Ce projet européen, l’écrire, ce sera une priorité pour nous en 2018. Il préparera le prochain rendez-vous électoral de juin 2019 que sera l’élection européenne. Ce à quoi nous nous attèlerons, ce sera de bâtir une dynamique claire.

Le pro européens ensemble pour arriver en tête.

Que la campagne propose aux français un choix clair entre une vision ouverte de bond en avant dans la construction européenne portant des propositions pour renforcer la légitimité démocratique de l’exécutif européen, des propositions pour répondre au scandale du dumping social et fiscal qui est un poison lent de délitement de l’idée européenne.

Face à nous, pro-européens, les discours de replis identitaires seront florissants. Il sera de notre responsabilité de leur opposer une vision radicalement différente pour faire la course en tête, en France, et, souhaitons-le dans un maximum de pays européens, pour faire de notre offre politique pro-européenne, in fine, le premier groupe au Parlement européen.

2018 sera la seule et dernière année de la mandature, sans élection. (ou presque, cher Christophe Grudler, puisque début janvier, nous l’espérons tous, tu deviendras le 48ème député Modem à l’Assemblée nationale).

2018 sera, profitons-en, à l’image de ce congrès, une année de travail.

Travail de préparation des élections européennes comme je l’ai dit.

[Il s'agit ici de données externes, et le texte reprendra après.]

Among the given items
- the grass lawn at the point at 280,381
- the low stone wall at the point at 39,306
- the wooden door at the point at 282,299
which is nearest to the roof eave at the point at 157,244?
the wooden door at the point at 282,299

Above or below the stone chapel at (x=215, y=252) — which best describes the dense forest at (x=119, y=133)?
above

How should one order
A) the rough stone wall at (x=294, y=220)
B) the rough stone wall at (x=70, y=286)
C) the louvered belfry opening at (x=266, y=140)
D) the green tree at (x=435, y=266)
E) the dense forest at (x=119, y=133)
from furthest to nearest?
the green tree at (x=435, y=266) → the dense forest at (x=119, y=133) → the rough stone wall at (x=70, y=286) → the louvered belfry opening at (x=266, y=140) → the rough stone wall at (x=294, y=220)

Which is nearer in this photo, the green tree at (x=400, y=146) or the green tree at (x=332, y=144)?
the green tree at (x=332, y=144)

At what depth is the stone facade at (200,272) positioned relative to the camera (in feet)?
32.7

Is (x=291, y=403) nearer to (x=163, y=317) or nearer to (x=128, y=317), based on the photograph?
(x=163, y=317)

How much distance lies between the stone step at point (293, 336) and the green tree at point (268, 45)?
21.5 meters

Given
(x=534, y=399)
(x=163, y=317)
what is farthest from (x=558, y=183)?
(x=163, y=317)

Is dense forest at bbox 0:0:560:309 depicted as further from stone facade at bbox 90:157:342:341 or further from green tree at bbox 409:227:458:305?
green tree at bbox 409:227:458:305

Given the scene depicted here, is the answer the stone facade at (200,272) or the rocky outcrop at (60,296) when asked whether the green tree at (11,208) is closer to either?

Préparation des échéances municipales qui viendront immédiatement après. Nous devrons identifier, dès maintenant les chefs de file et les équipes qui, dans un maximum de communes, engageront un travail, à leur niveau, d’identification des enjeux locaux, qui feront, à leur niveau, comme nous l’avons fait dans ce congrès, un double travail d’écriture d’une vision d’avenir pour leur commune, et de proposition de mesures à prendre pour la prochaine mandature communale.

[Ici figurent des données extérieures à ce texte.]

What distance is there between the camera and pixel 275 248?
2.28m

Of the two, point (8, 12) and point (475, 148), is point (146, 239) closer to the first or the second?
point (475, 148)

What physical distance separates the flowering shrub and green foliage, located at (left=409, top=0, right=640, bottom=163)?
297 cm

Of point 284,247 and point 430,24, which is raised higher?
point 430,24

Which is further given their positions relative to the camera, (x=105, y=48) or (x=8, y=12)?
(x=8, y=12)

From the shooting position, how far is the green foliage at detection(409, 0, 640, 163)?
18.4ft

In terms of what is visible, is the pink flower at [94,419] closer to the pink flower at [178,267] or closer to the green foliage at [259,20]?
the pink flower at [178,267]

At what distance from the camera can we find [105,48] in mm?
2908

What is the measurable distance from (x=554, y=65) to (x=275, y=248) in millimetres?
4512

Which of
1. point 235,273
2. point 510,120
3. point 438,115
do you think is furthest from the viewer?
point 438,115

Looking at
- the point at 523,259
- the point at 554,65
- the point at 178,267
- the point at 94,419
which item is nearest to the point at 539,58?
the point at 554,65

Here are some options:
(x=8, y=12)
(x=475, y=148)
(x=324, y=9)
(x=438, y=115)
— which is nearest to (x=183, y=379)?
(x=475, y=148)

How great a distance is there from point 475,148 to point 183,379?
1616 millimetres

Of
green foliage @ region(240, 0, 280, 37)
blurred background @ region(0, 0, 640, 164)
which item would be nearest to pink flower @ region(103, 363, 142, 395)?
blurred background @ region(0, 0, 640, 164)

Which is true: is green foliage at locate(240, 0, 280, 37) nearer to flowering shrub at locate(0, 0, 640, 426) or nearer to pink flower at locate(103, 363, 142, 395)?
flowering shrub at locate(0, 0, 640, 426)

A notre niveau, celui du siège, nous serons là en appui, pour vous donner tous les outils nécessaires à la réussite de ces échéances. Nous élaborerons des modules de formation pour les élus et futurs élus. Nous voulons moderniser et professionnaliser nos outils informatiques, les mettre au service à la fois du travail de fond que nous avons enclenché ce week-end, mais aussi au service du développement de notre mouvement dans tous vos territoires.

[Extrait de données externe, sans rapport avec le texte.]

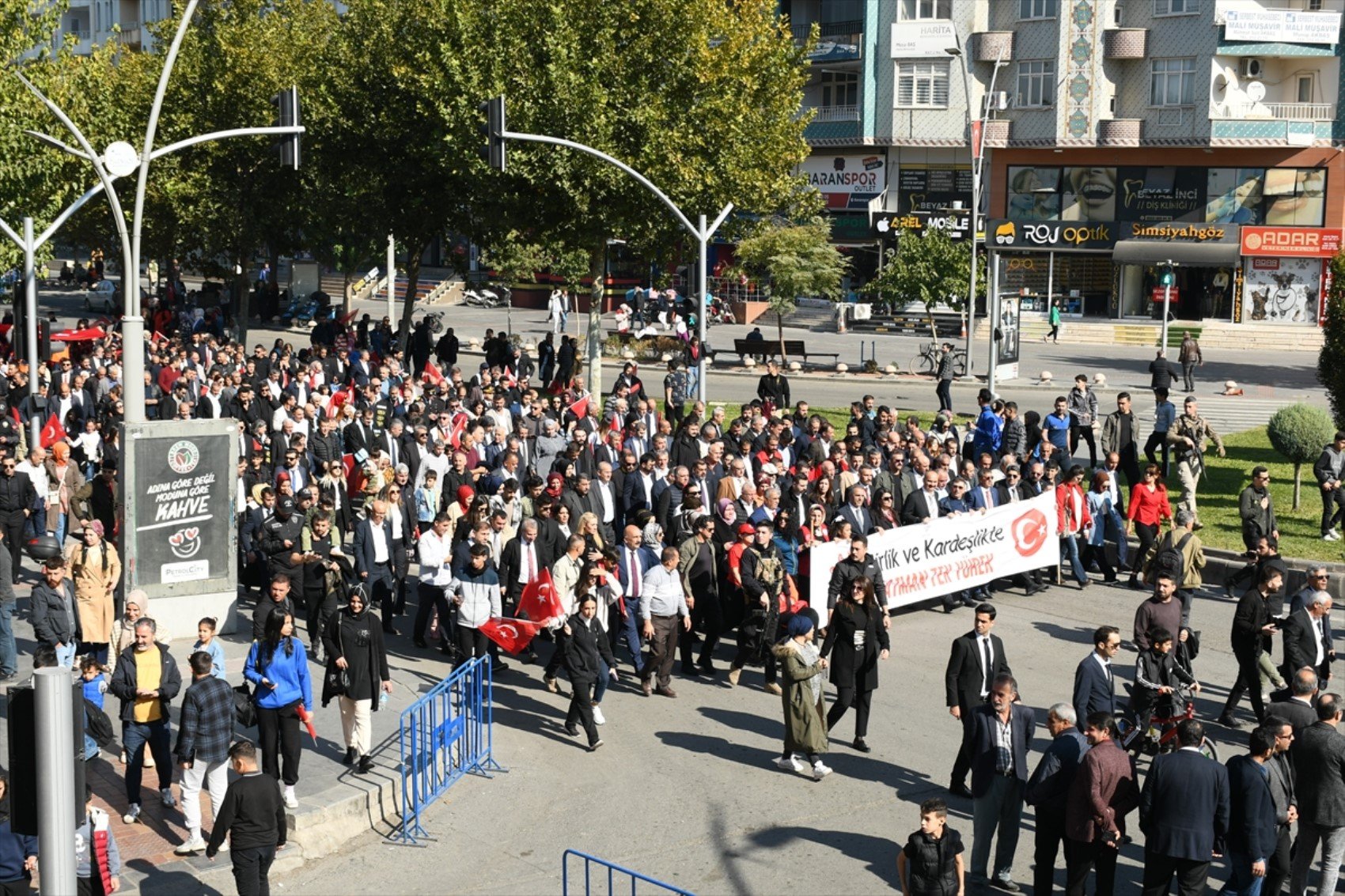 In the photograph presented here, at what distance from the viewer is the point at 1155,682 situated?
12688mm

Et puis, il nous faudra, sans beaucoup nous forcer car c’est dans notre nature, rester ouverts. Ouverts en allant chercher de manière volontaire toutes celles et ceux qui, dans la société qui nous entoure, ont des expertises, des compétences, des connaissances, qui sont en résonance  avec les projets que nous voulons pour le Pays. Disons leur que nous voulons qu’ils nous rejoignent pour faire partie de notre équipage.  Soyons ouverts à toutes celles et ceux qui décident, chaque jour maintenant, de se rapprocher de cet axe central que nous avons construit. Et bien évidemment, cela va sans dire, consolidons, à tous les échelons, le travail et le relationnel avec nos amis d’En Marche car ce que nous avons bâti ensemble en mai et juin dernier, nous avons la responsabilité de l’installer durablement dans le paysage politique français dans les année qui viennent.

En somme chers amis, 2018 sera une année à l’image de ce congrès. Riche, belle et dynamique. Une belle feuille de route en somme.

Merci à tous, et à très bientôt donc.